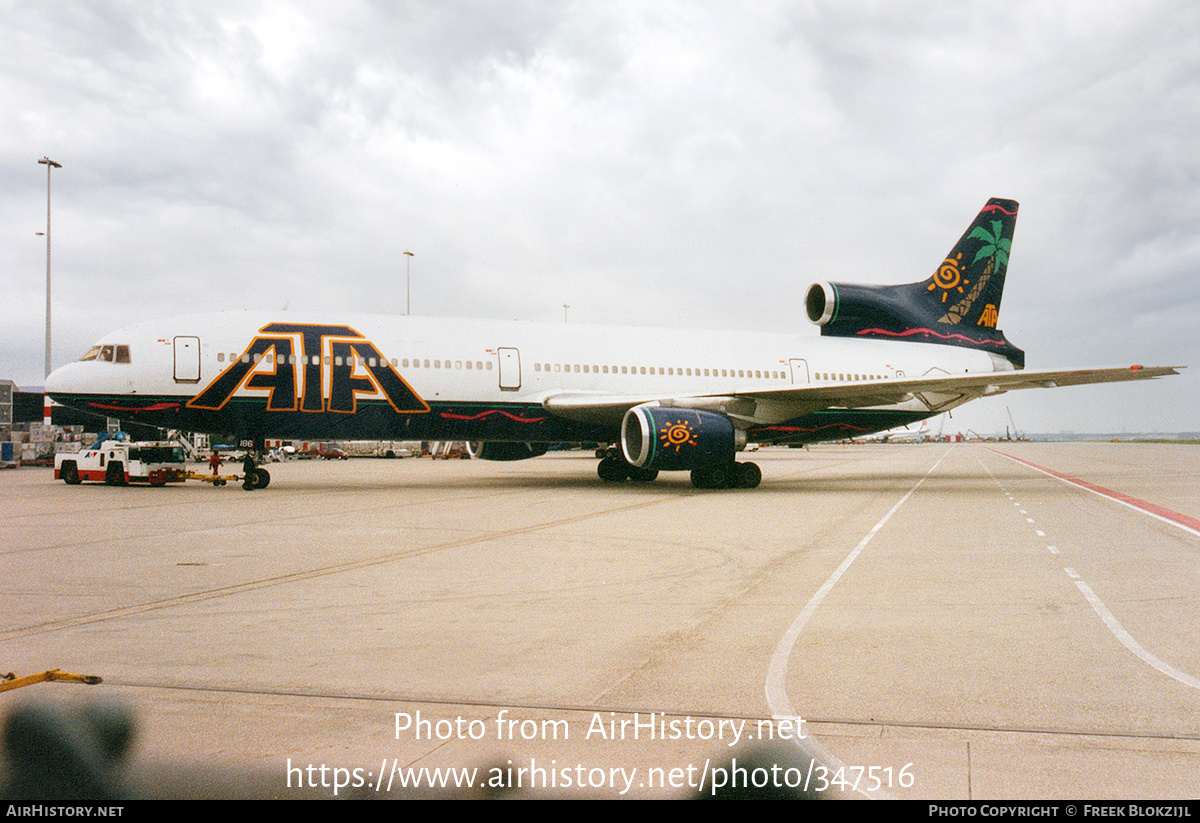 Aircraft Photo of N186AT | Lockheed L-1011-385-1 TriStar 50 | American Trans Air - ATA | AirHistory.net #347516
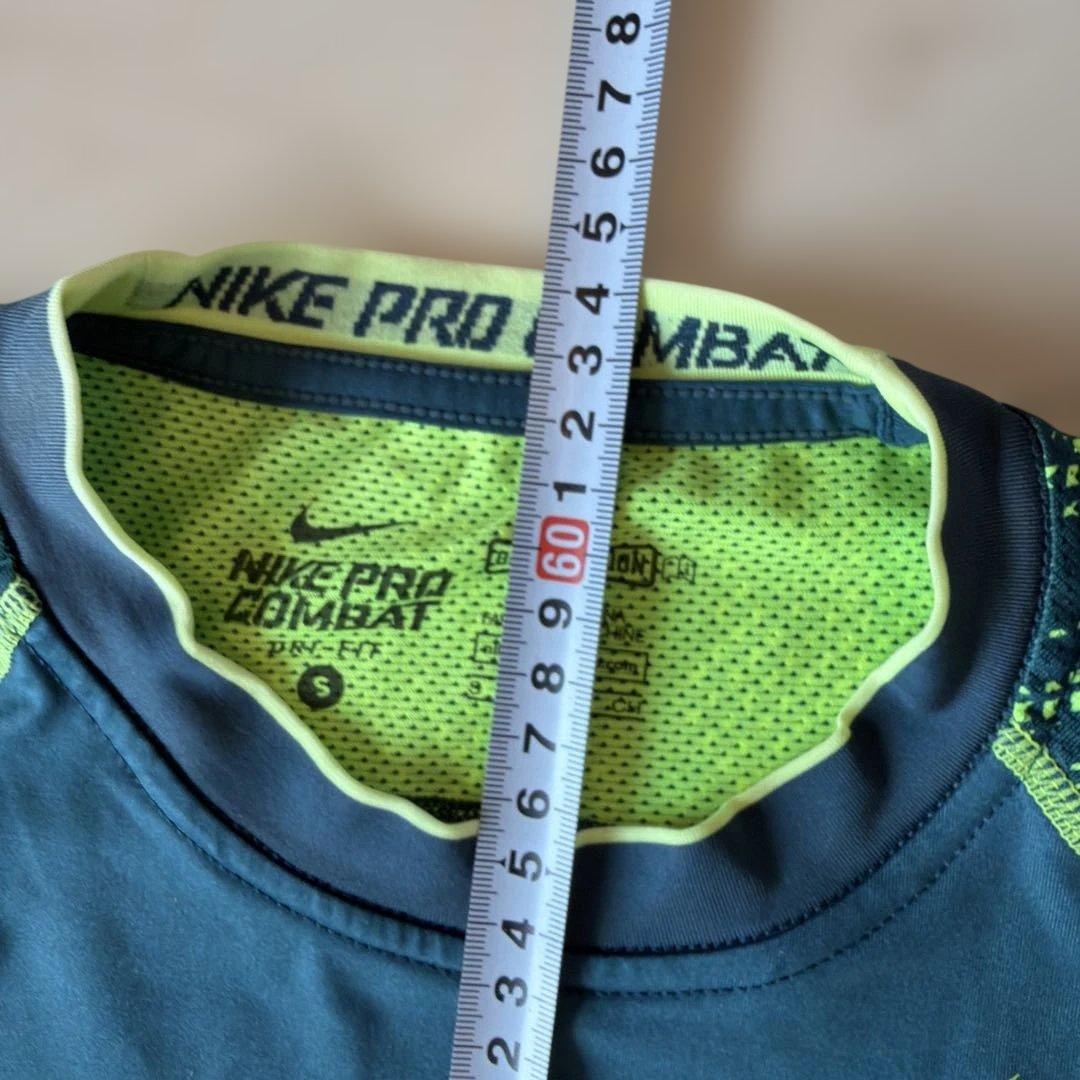 Nike Pro Combat トレーニングウェア 上下セット アップ S (5/9)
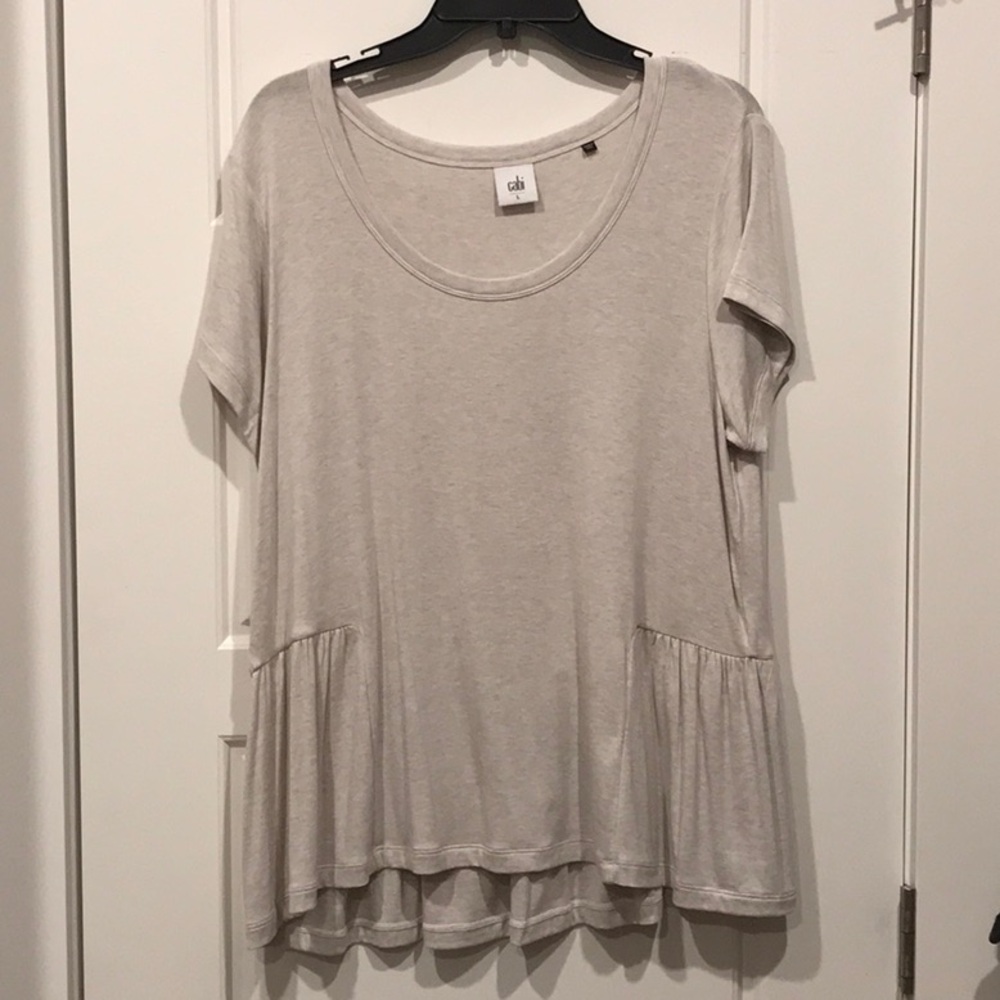 Cabi 5326 NWOT hangout peplum tee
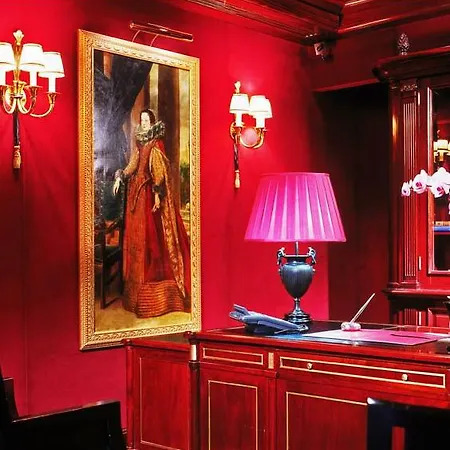 Francois 1er Hotel Paris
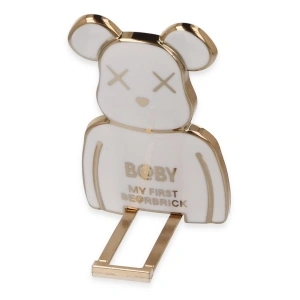 Astro Stand Ayıcık - Beyaz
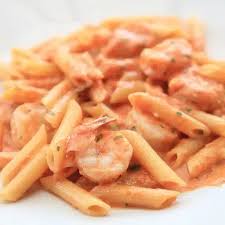 Shrimp Penne Alla Vodka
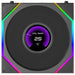 Lian Li UNI FAN TL LCD FLEX 120mm Triple Fan Pack - Black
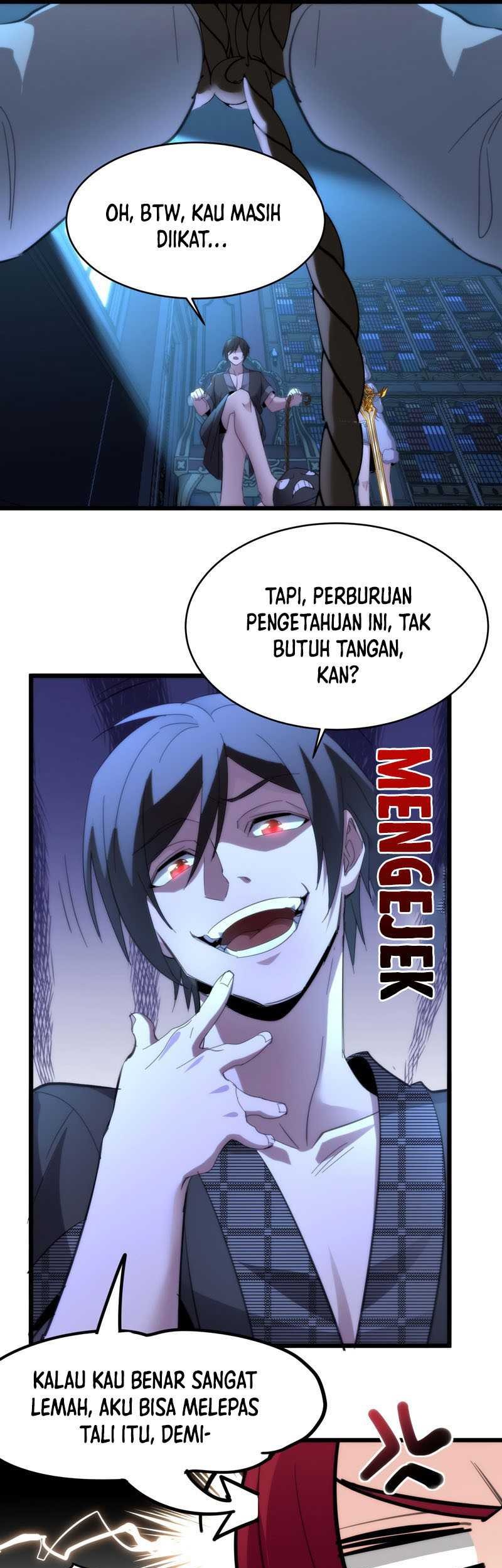 I’m Really Not The Demon God’s Lackey Chapter 105 Gambar 38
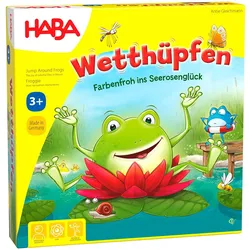 Haba Spiel Wetthüpfen 1 St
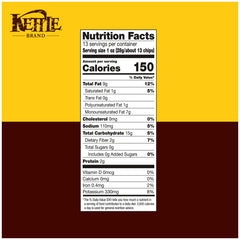 Kettle Brand chips, thinly sliced potatoes, sizzling aroma.
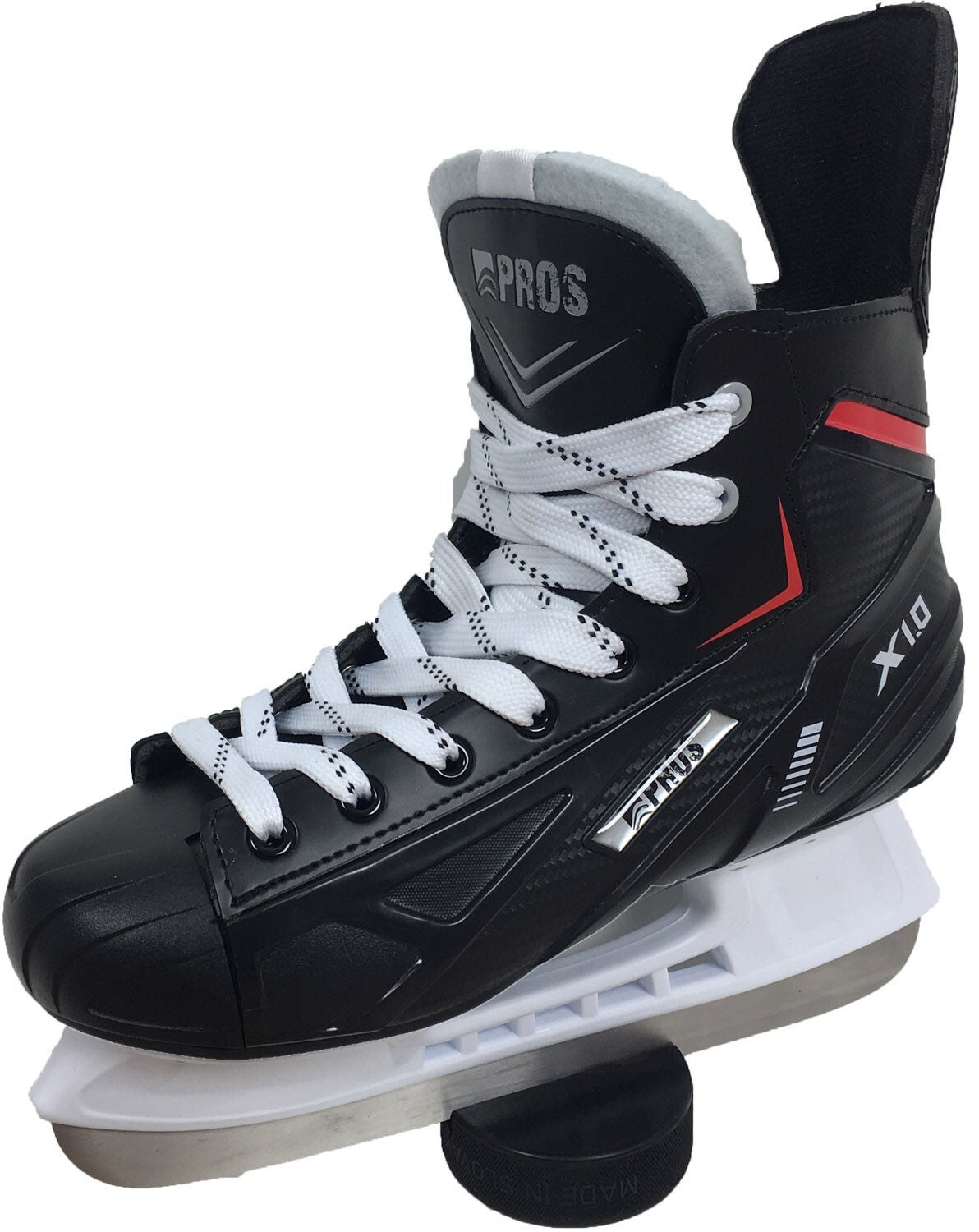 PROS Schlittschuh, Weiβ/Schwarz, 32 PROS Schlittschuh, Weiβ/Schwarz, 32 von PROS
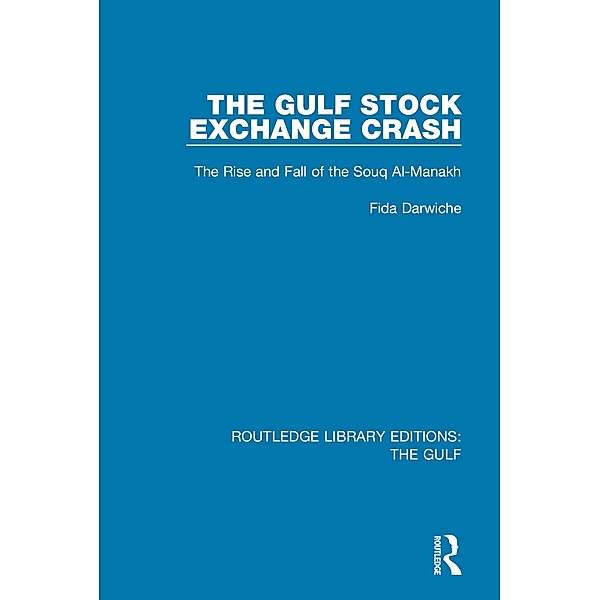 The Gulf Stock Exchange Crash, Fida Darwiche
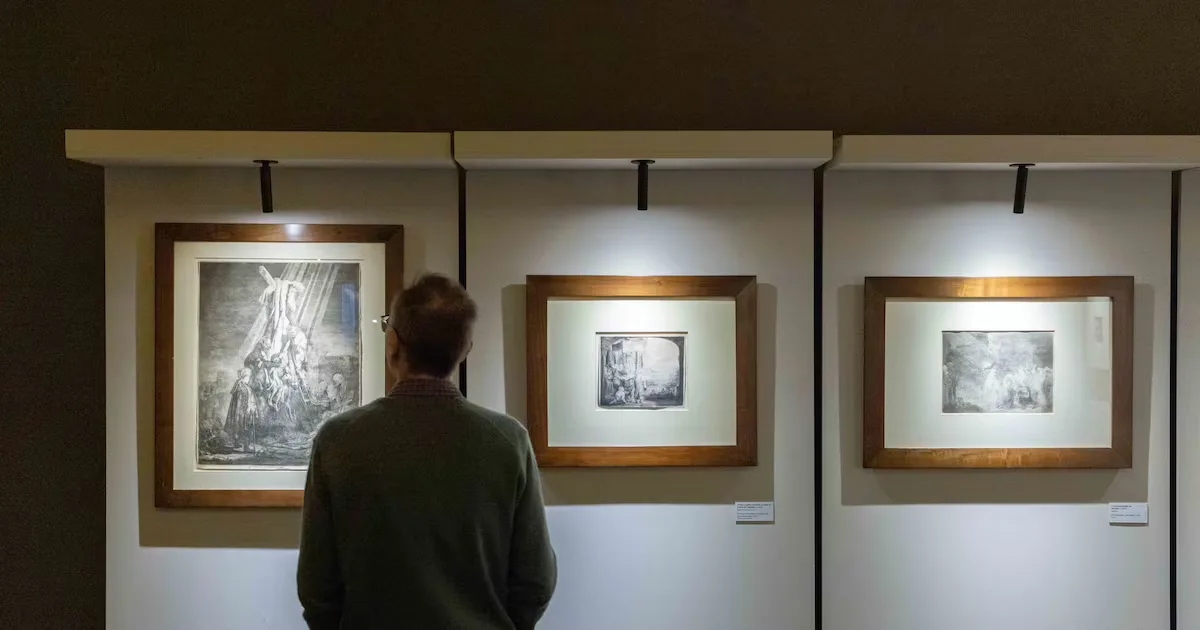 Exposição com 69 gravuras de Rembrandt fica em cartaz até 25 de outubro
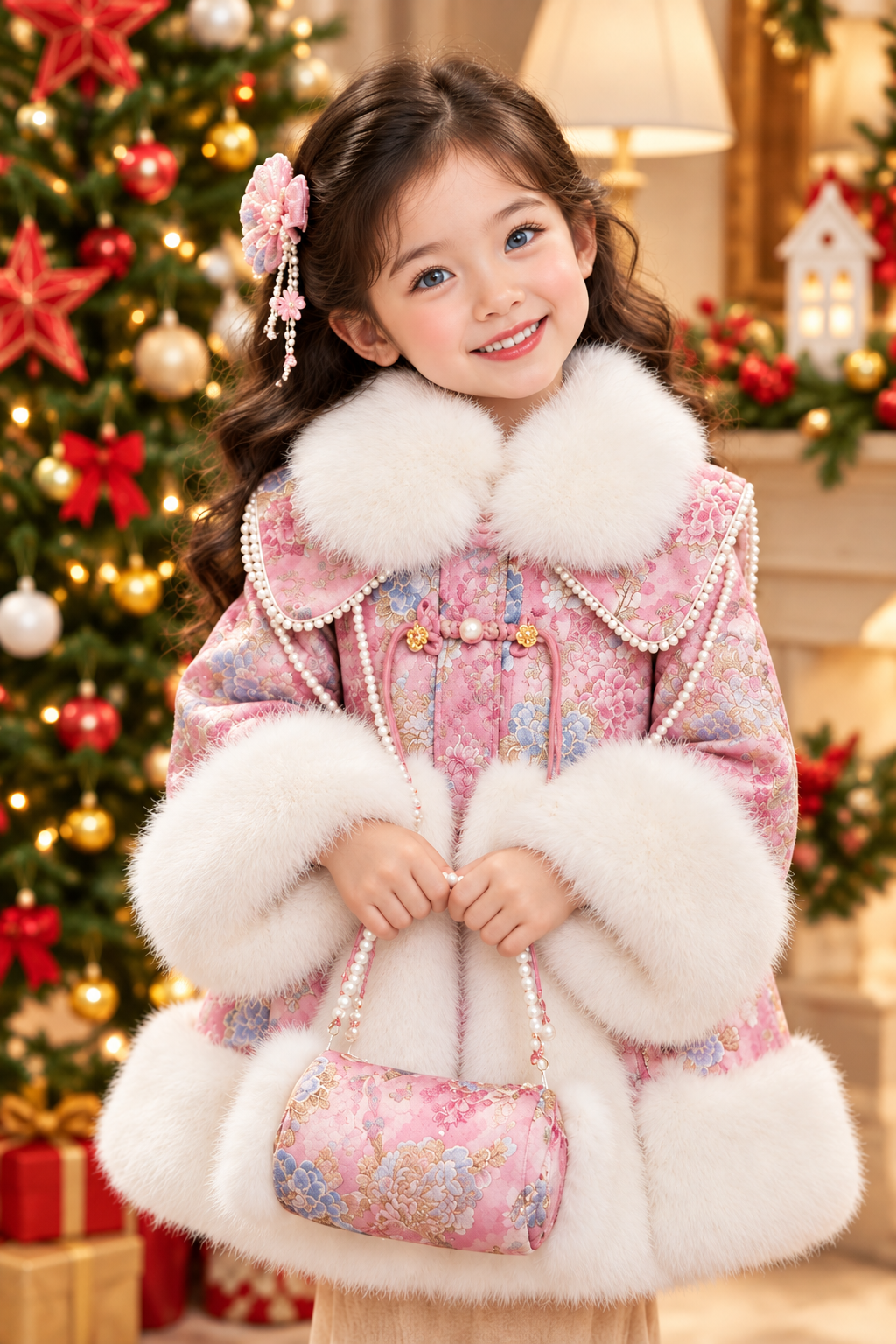 Esme Fur trim jacket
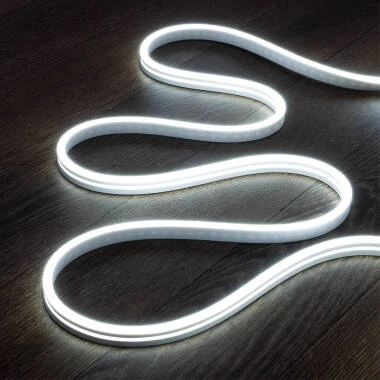 Striscia LED Neon 24 V 9,5 W/m Taglio ogni 5 cm IP65 N-FLEX6 su Misura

+===+

#### ABOUT THIS EXERCISE:
Without the pictures, print all of the records exactly.

#### YOUR SOLUTION:
 Aircraft Photo of N186AT | Lockheed L-1011-385-1 TriStar 50 | American Trans Air - ATA | AirHistory.net #347516
 Nike Pro Combat トレーニングウェア 上下セット アップ S (5/9)
 Cabi 5326 NWOT hangout peplum tee
 Francois 1er Hotel Paris
 Astro Stand Ayıcık - Beyaz
 Shrimp Penne Alla Vodka
 Lian Li UNI FAN TL LCD FLEX 120mm Triple Fan Pack - Black
 I’m Really Not The Demon God’s Lackey Chapter 105 Gambar 38
 Haba Spiel Wetthüpfen 1 St
 Kettle Brand chips, thinly sliced potatoes, sizzling aroma.
 PROS Schlittschuh, Weiβ/Schwarz, 32 PROS Schlittschuh, Weiβ/Schwarz, 32 von PROS
 The Gulf Stock Exchange Crash, Fida Darwiche
 Exposição com 69 gravuras de Rembrandt fica em cartaz até 25 de outubro
 Esme Fur trim jacket
 Striscia LED Neon 24 V 9,5 W/m Taglio ogni 5 cm IP65 N-FLEX6 su Misura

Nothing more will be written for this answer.